Investing with Traders during a Drawdown?

Discussion in 'Professional Trading' started by CPTrader, Oct 2, 2003.

  1. ETs,

    It seems that despite all the renewed emphasis on due-diligence vis-a-viz thoroughly understanding a manager's trading style/strategy and risk management, that investors ultimately base their investment decision solely on most recent historical performance.

    By extension, it seems that investors are constantly chasing the new hot trader/fund and buying trader's equity peaks.

    Is this necessarily wrong, bad or narrow-minded?

    Can one make the objective argument that an investor should be willing to invest in a trader/fund even during a drawdown, even if it is a historical maximum drawdown?

    Given the above, from a trader/fund manager's point of view does it make any sense to bother explaining your strategy to a potential investor when all they really care about is your most recent monthly/daily numbers? I mean why bother with the charade of discussing the strategy- they (investors) either can't understand it, don't want to understand it, or would rather not be bother with it?

    How do you really make a wise investment decision, apart from just looking at historical data?

    Finally, can/should one invest in a trader with a limited or non-existent track record?

    I am curious as to people's personal experiences in this matter.

  2. Lovelitera

    Lovelitera Guest

    I would definitely invest with a manager who has a stable record and is in a middle of a slump - perhaps because i am a trader.
    It is like buying at a discount.

    I would also invest a smaller sum with a manager without a proven track record if their background warranted it.

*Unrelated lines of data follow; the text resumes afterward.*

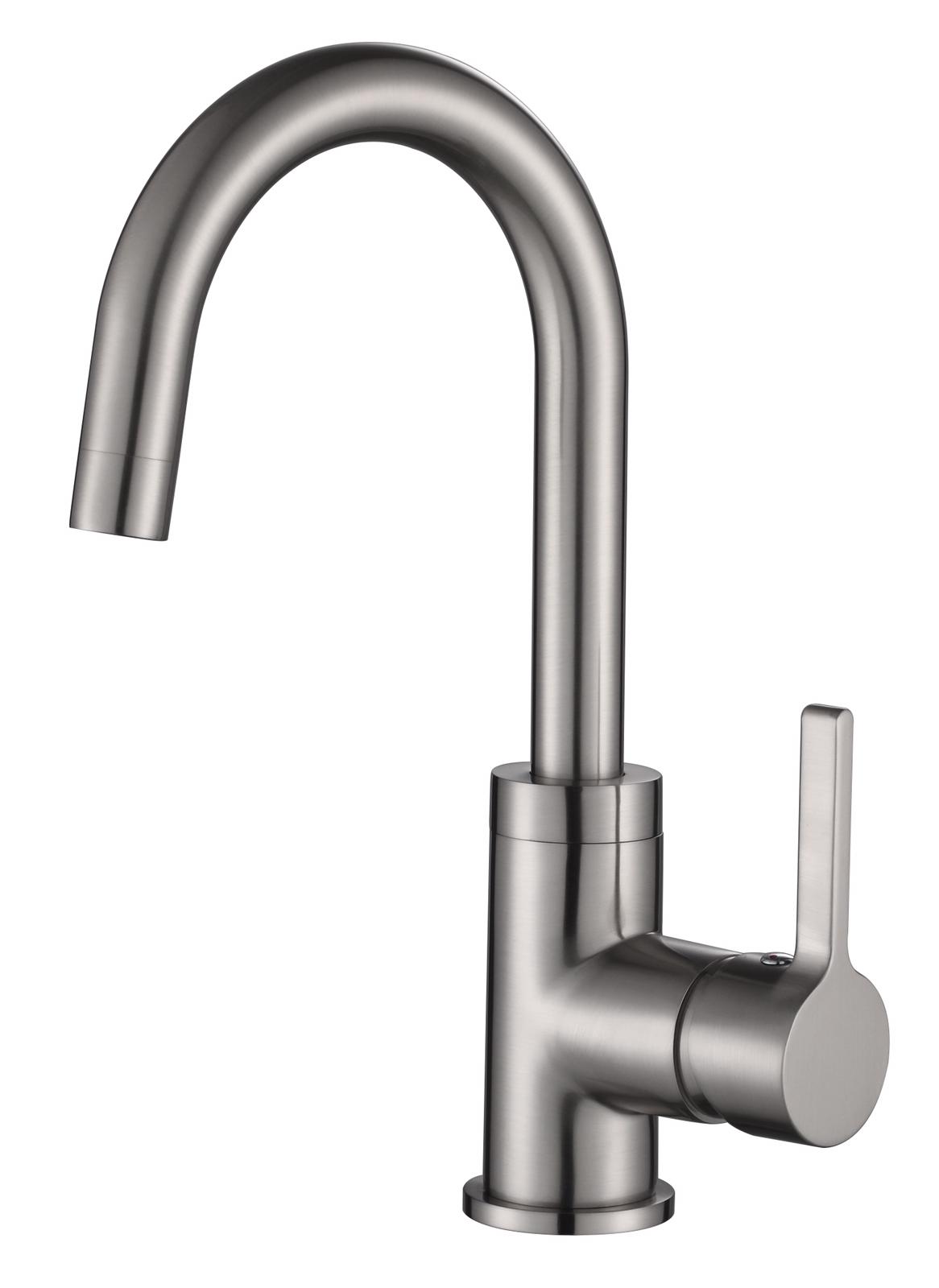 ברז קשת לכיור דגם 80711 ניקל מוברש 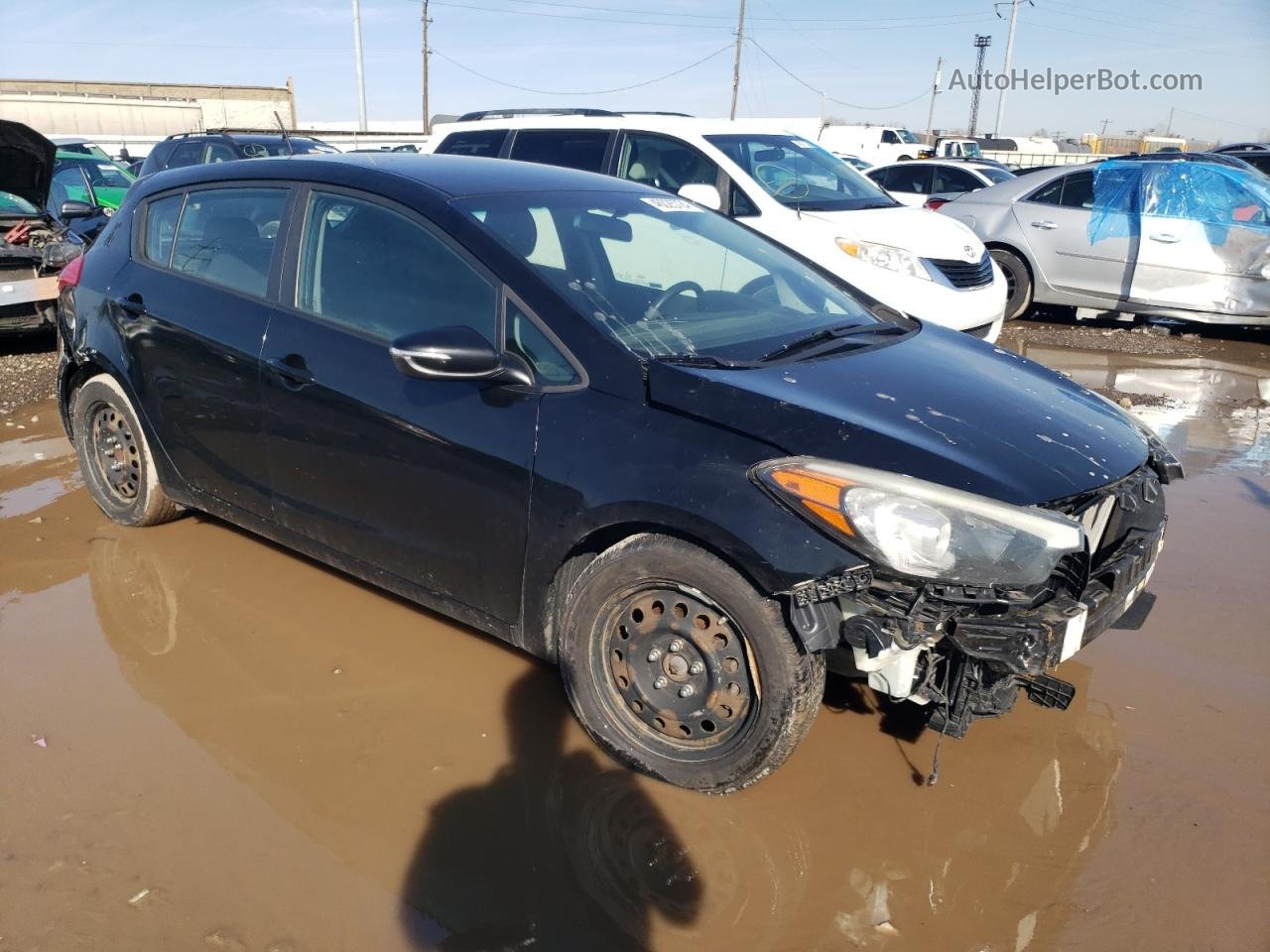 2016 Kia Forte Lx Black vin: KNAFK5A83G5597080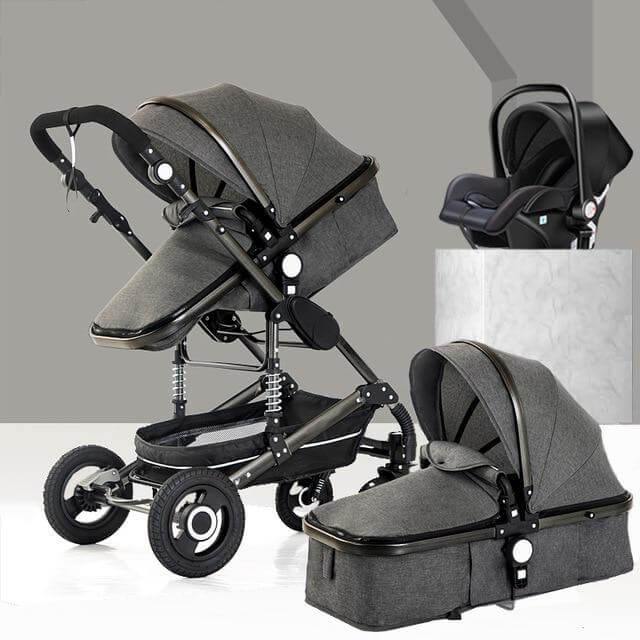 3 in 1 High-Landscape Bidirectional Portable Foldable Baby Stroller - Image 4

    At the same time I would not invest other people's money with the unproven manager because it may leave me open to potential problems.
  3. "Finally, can/should one invest in a trader with a limited or non-existent track record?"

  4. Why not?
  5. because you will probably lose all your money. seems like good enough reason for me.
  6. Rethink your statement and tell me if it still sounds logical. By your reasoning all the great funds with 2, 3 5+ track records should NOT have ever had any investors becuse they too at one point had a limited or non-existent track record.
  7. I think these days most people don't know what's in their fund, maybe even what vehicles are in the fund, or that behind it all there's a trader. Manager's track record?? Fogettaboutit.
  8. Peter I think you were a little too witty for me.. I don't quite understand your point ... care to break it down a little bit more
  9. yes i would say that same rule applys to funds. i would let someone else do the testing. the recent market crash sure should have driven that point home. so many people lost 50-70% of their money to inexperienced fund managers. once your money is gone you dont get to go back for a replay. its up to you to stack the odds in your favor.
  10. Any more thoughts on this folks?